Plus il se maquille, plus Oscura ressort. Le personnage se révèle avec son costume. Il devient éxubérante et confiante. Après le fard à paupières, Adrien ajoute du contour, du relief pour féminiser les traits du visage. Quelques dernières touches. Il vérifie chaque angle de son visage dans le miroir. Il lève les yeux. Ce n’est plus Adrien mais Oscura.

Crédits : Noémie Bouisset

La façon de parler est plus assurée, suave, les yeux plus perçants et elle se tient plus droite. Une fois vêtue d’une tenue au style mi-gothique mi glamour, une présence naturelle émane d’Oscura. Un blaser customisé avec des strass, décolleté, laisse paraître un soutien-gorge noir. En dépasse un short très court avec des collants filets et des cuissardes. Le tout évidemment noir, avec des accessoires casse-cou.

« La liberté. Pour moi, Oscura c’est la liberté de m’assumer ! Autant au niveau de la confiance que j’ai en moi qu’au niveau de mon homosexualité. Ça m’a beaucoup aidé »

Adrien Cadène, alias Oscura Bruja

« Au début j’étais méfiant, coincé. Maintenant je me sens beaucoup plus à l’aise, dans mon élément. » Avec un mouvement de sa longue chevelure blonde, Oscura montre sa tenue, défilant à l’image d’une mannequin.

Adrien n’osait pas se montrer autant à ses débuts, par peur de la critique. « On nous insulte, ça m’est arrivé plus d’une fois. Mais ce que les gens ne comprennent pas, c’est que le drag est juste une forme de spectacle. C’est pour le divertissement, pour s’amuser et passer un bon moment.

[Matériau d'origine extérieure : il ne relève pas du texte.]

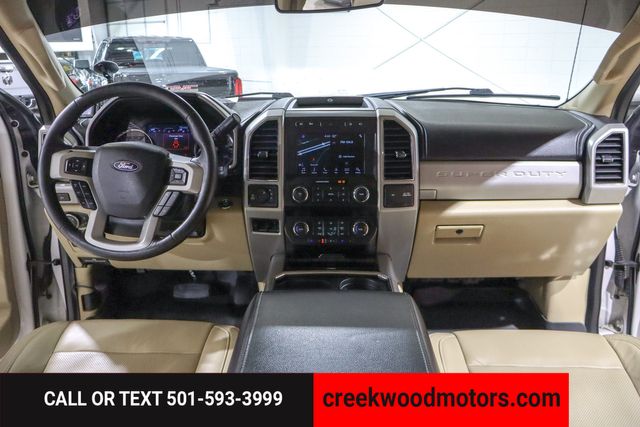 2019 Ford F-250 Super Duty Lariat Ultimate 4x4 PowerStroke Diesel 22s Leveled 2019 Ford F-250 Super Duty Lariat Ultimate 4x4 PowerStroke Diesel 22s Leveled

Comme du théâtre ! » Un art apprécié de ses proches.

« La première fois que j’ai vu Adrien en Oscura c’était sur une photo, un portrait. J’ai vu la beauté, le côté artistique. C’est de l’art mais c’est aussi beau de voir l’épanouissement, surtout chez son enfant. C’était magnifique. »

Émilie Pebeyre Dias, la mère d’Adrien Cadène

« Je me suis dit, il se maquille mieux que moi ! », s’amuse la mère d’Adrien, Émilie Pebeyre Dias. L’autre mère d’Adrien, Nattachatte, admire aussi la beauté de cette pratique. « Le drag fait ressortir une forme de confiance en lui qu’Adrien n’a pas encore, au moins à ce niveau-là. J’ai hâte du jour où il saura se lâcher autant en Adrien qu’en Oscura ! »

Après un défilé rythmé par la musique exubérante de la drag queen, Oscura se rassoit devant son miroir. Elle s’estompe en moins de 10 minutes à l’aide d’une demi-douzaine de lingettes et de démaquillant. Il faut dire qu’Oscura est persévérante. Elle laisse tout de même place à Adrien, de nature plus calme, plus douce.

Elle va se changer et revient en peignoir et jogging noir.

Crédits : Noémie Bouisset

Devant l’entrée de sa maison, il allume une cigarette, le regard au loin. Un aperçu dissemblant de la drag queen, bien qu’il reste encore quelques paillettes collées à la peau du jeune homme.